Sharma believes that it will be worthwhile for companies to buy ports at lower valuations now, since the rewards are expected to be better in the long term.

And many are banking on Modi’s stellar history of transforming the maritime sector in Gujarat, as the western Indian. Last fiscal, cargo traffic at non-major ports in Gujarat grew by 8%—and accounts for more than 70% of the total cargo handled by non-major ports in India.

“As this government looks to boost manufacturing and exports, it will be the ports that will play a crucial role. And the new government is actively studying all the issues in the sector and many of the regulatory concerns will become a thing of the past,” said Vishwas Udgirkar, partner at Deloitte Touche Tohmatsu.

Deep problems

Except Chennai’s Ennore Port, which is operated as a company, the remaining 12 major ports in the country function as government-owned trusts. But the Modi government, in its first full budget last month, said that it intends to corporatise these establishments.

That’ll mean India’s major ports will have more autonomy and control over their operations, unlike the current situation where ports have to seek permission from the government for any policy-related issue.

For decades, India’s ports have suffered from chronic under-investment and a lack of strategic planning, including inadequate linkages to railway and road transport networks. The result is that for key parameters like turnaround time, Indian ports have an average of 84 hours. Ports like Singapore and Hong Kong need just seven hours.

In 1996, with an eye on improving the dire situation, the Indian government opened up the ports sector to 100% foreign direct investment and global operators such as APM Terminals and DP World have already established presence in the country. While APM Terminals operates a port in Gujarat, DP World owns a number of terminals at major ports in the country.

But India’s private port companies have their own problems. Essar Ports, for example, was saddled with about Rs5,836 crore ($950 million) at the start of this fiscal. Another minor port, Krishnapatnam port was grappling with a debt of around Rs 3890 ($600 million) crore in 2013.

“A lot of companies are troubled by debt and we will see the big players buying out the smaller ones since they have high debt and as India’s economy looks to grow, ports will bring in good business,” Ramesh Singhal, chief executive of I-Maritime, a Mumbai-based consultancy service, said.

War footing

India’s first modern shipyard was built in 1941. But a little over a decade later, in 1952, the government of India took over Vizag’s Scindia shipyard and renamed it Hindustan Shipyard. And the government has effectively dominated India’s shipbuilding industry since.

But that could change soon.

In particular, prime minister Modi’s big push for domestic manufacturing in the the defence sector just woke up a long slumbering industry. Immediately after assuming power, the Modi government also raised foreign direct investment in defence sector to 49%, allowing international firms to set up joint ventures with Indian companies to build defence equipments.

On March 5, Pipavav Defence and Offshore was bought over by Anil Ambani’s Reliance group for Rs2,082 crore. But at least three other companies including India’s Mahindra group, Hero Group and France based-DCNS were in the race to purchase stake in the company, which had earlier bagged a few key navy projects to build vessels.

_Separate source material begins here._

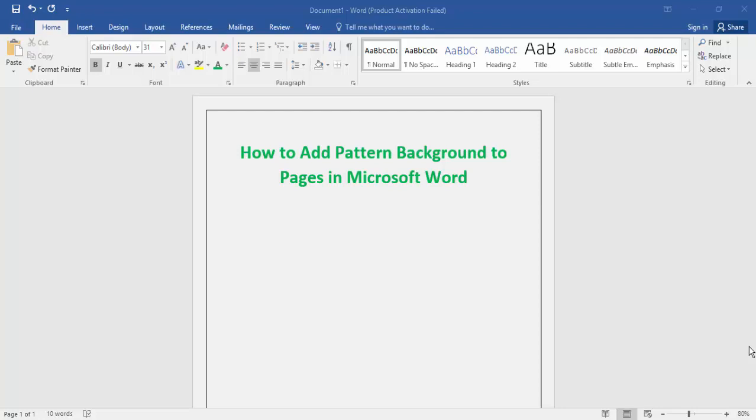Welcome back to my channel. In this new video, today's video is how to add a pattern background.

On March 9, the Indian government shortlisted Pipavav Defence and Larsen & Toubro to build six submarines for the Indian government worth Rs60,000 crore ($10 billion) along with public sector shipyards.

ABG shipyard, India’s largest private shipyard, is also in the market looking for suitors, and companies including Mahindra and Adani have shown interest in buying a stake in the company.

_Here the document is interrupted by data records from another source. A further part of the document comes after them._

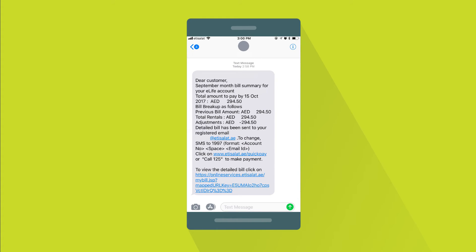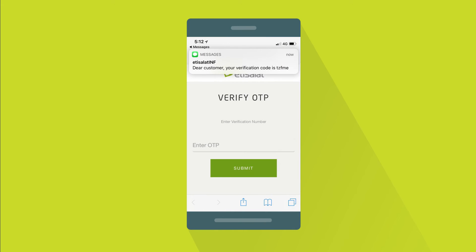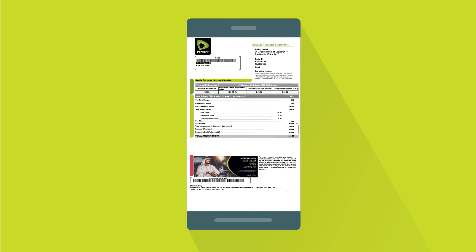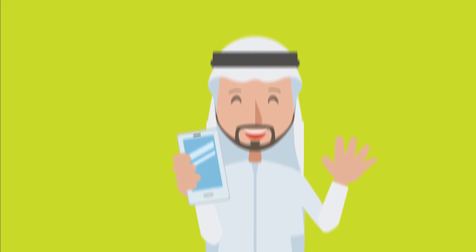The Detail Bill is accessible from the SMS bill you get from Etisalat every month. Just press the link on the SMS bill, receive the OTP code, then type the OTP code when requested to view the Detail Bill. And that's it.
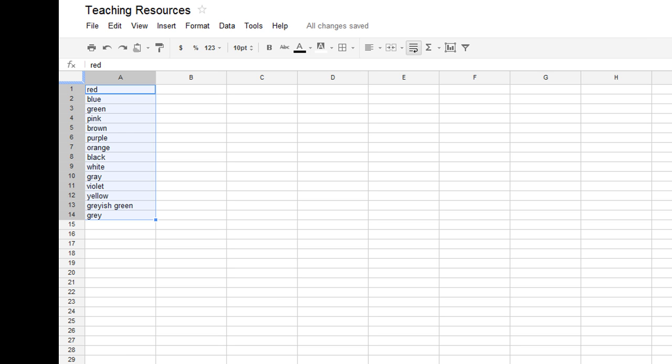In a previous video, I've shown you how to set up and use Google Spreadsheets and how you can use them as a dynamic link back to the Internet to quickly build teaching resources. Once we've built our list of resources, we can use Google Spreadsheet to organize that data for us.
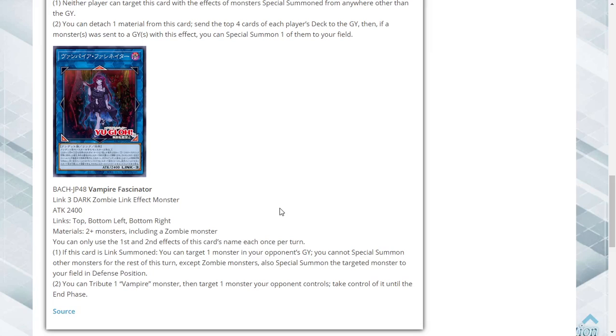Second effect: you can tribute one vampire monster, then target one card your opponent controls and take control of it until the end of the turn. This card is probably the best support card out of these three. Getting three monsters out in the field isn't that hard and it does almost everything you want it to.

“Defence is a game changer for ship builders in India,” Dhananjay Datar, the shipyard’s executive director and chief financial officer, said in a television interview. “And that will attract a lot of players as government has allowed FDI up to 49%.”

In 2013, India had spent Rs1,863 crore ($300 million) on acquiring equipment for the navy—and is one of the world’s largest arms importers, buying over $5 billion worth of military hardware in 2015.

But with an estimated $130 billion (Rs8.2 lakh crore) likely to be spent on upgrading the country’s defence forces by 2022, the Modi government wants domestic firms to grab a slice of this massive outlay—including for the navy.

“On the shipyard front, there will be some big acquisitions,” I-Maritime’s Singhal said. “New entrants are coming in looking at the prospects of the defence sector, which has been opened up to the private sector. But in the short term, it will still be the public sector shipyards, which will partner the government in defence production.”